** Source information follows **

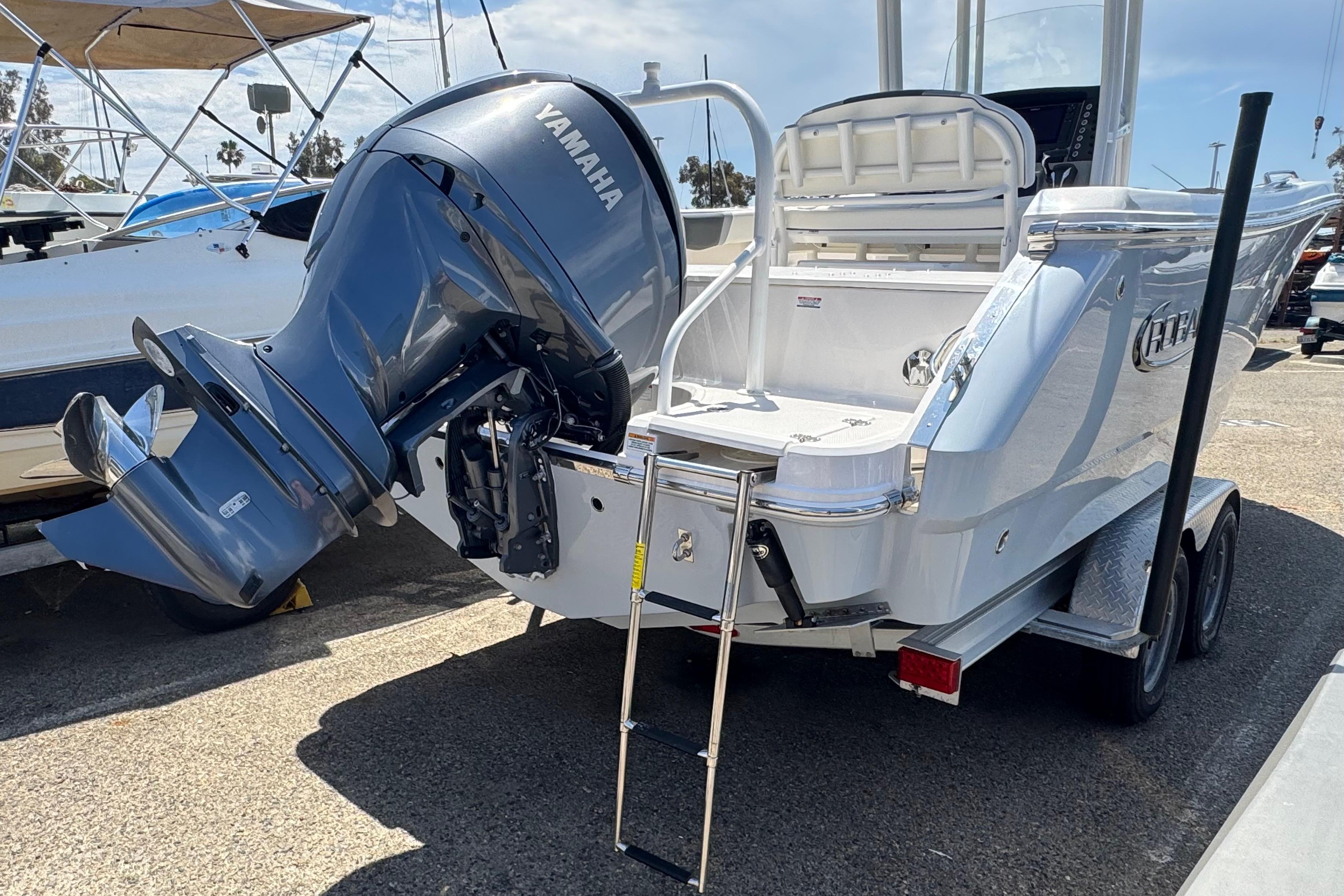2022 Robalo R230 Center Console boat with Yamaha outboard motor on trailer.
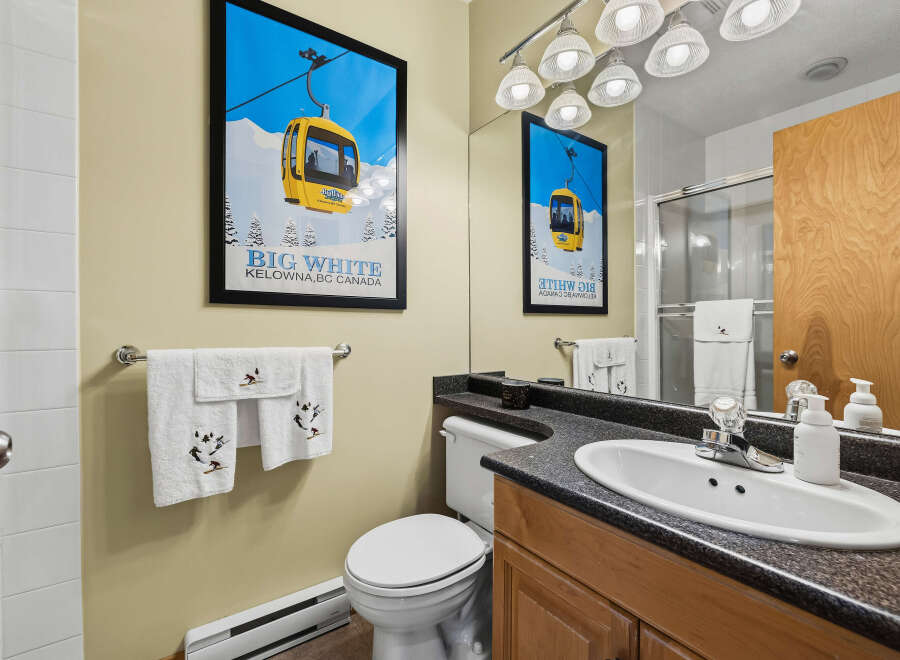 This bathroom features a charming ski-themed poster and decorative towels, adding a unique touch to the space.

** End of Source information **
** Source information follows **

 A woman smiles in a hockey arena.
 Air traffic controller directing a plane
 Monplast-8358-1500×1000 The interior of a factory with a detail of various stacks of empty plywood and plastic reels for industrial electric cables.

** End of Source information **

Prompt —
From the material above, set down exactly the lines between the line holding "Air traffic controller directing a plane" and the line holding "Monplast-8358-1500×1000 The interior", inclusive. Include nothing else.

Written solution —
 Air traffic controller directing a plane
 Monplast-8358-1500×1000 The interior of a factory with a detail of various stacks of empty plywood and plastic reels for industrial electric cables.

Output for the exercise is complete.